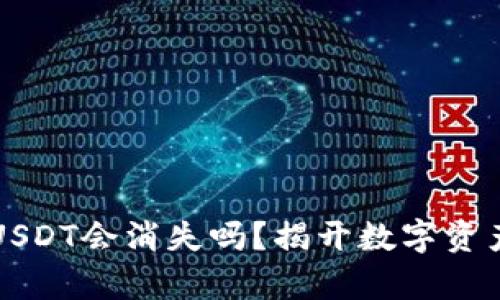 波场钱包中的USDT会消失吗？揭开数字资产的真相与未来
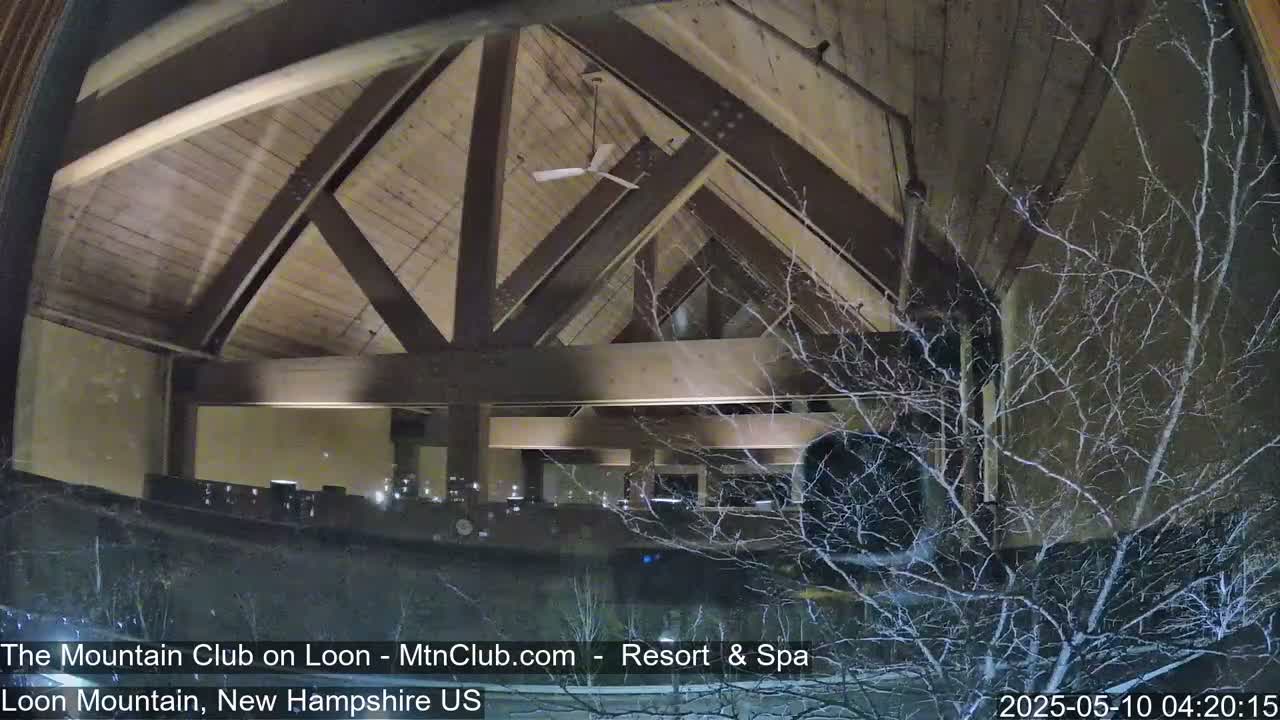 A snow-covered, bare tree branch is visible outside a large window looking into a room with a wooden, high-ceilinged interior and a ceiling fan.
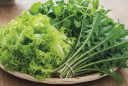 3 loại rau rẻ như cho ở Việt Nam bất ngờ lọt top thế giới – mọc hoang cũng thành “kho báu dinh dưỡng”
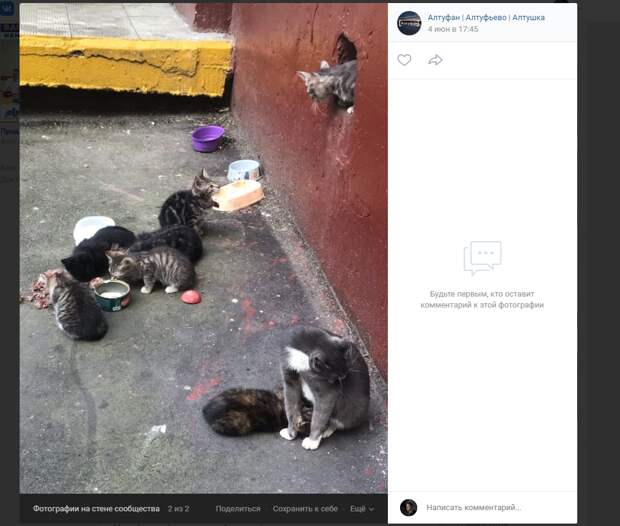 Фото дня: жители Алтуфьева помогают кошачьему семейству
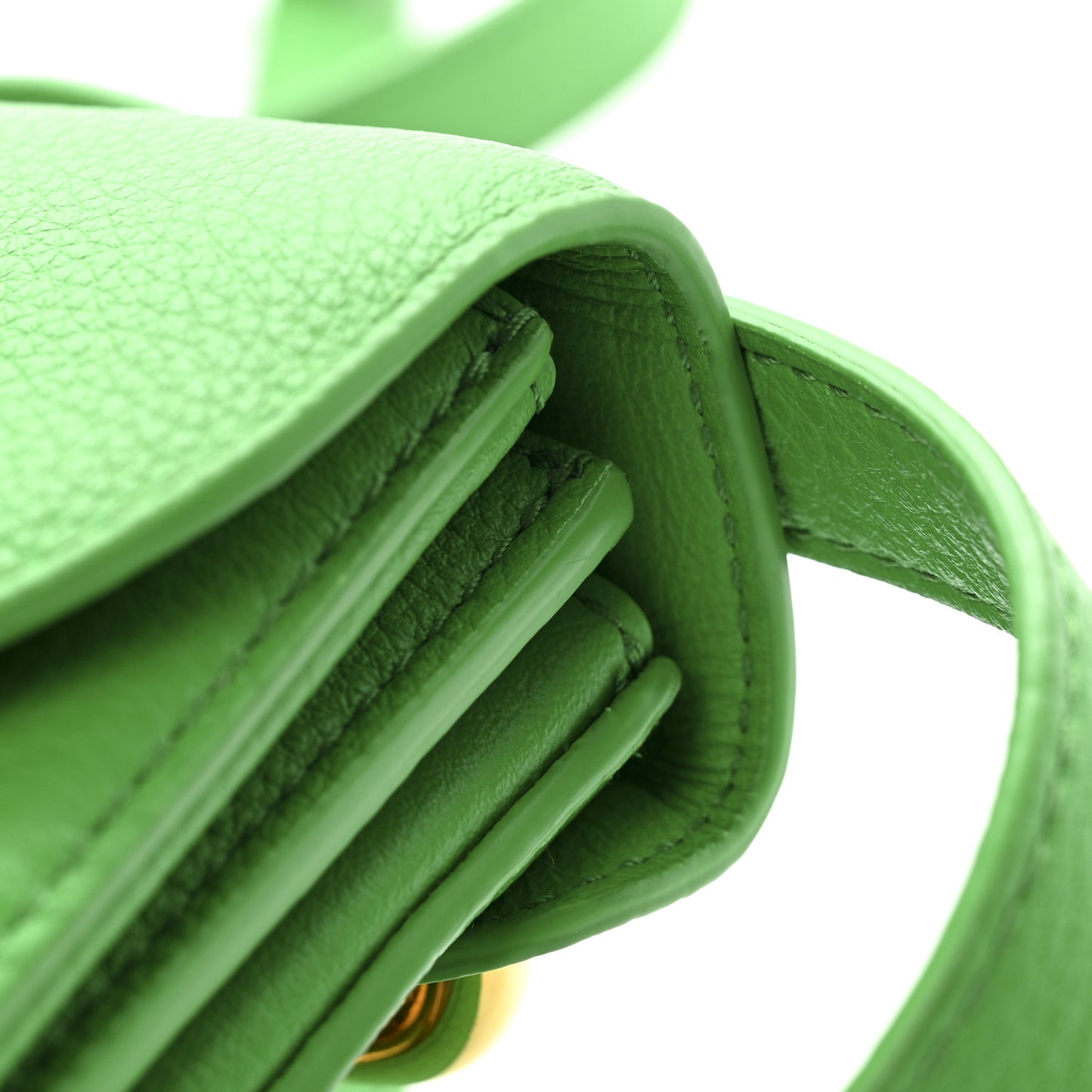 Calfskin Mount Envelope Bag Parakeet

* [What the task requires]: Repeat the records above exactly. Pictures do not belong in the copy.

* [Response for this exercise]:
 波场钱包中的USDT会消失吗？揭开数字资产的真相与未来
 A snow-covered, bare tree branch is visible outside a large window looking into a room with a wooden, high-ceilinged interior and a ceiling fan.
 3 loại rau rẻ như cho ở Việt Nam bất ngờ lọt top thế giới – mọc hoang cũng thành “kho báu dinh dưỡng”
 Фото дня: жители Алтуфьева помогают кошачьему семейству
 Calfskin Mount Envelope Bag Parakeet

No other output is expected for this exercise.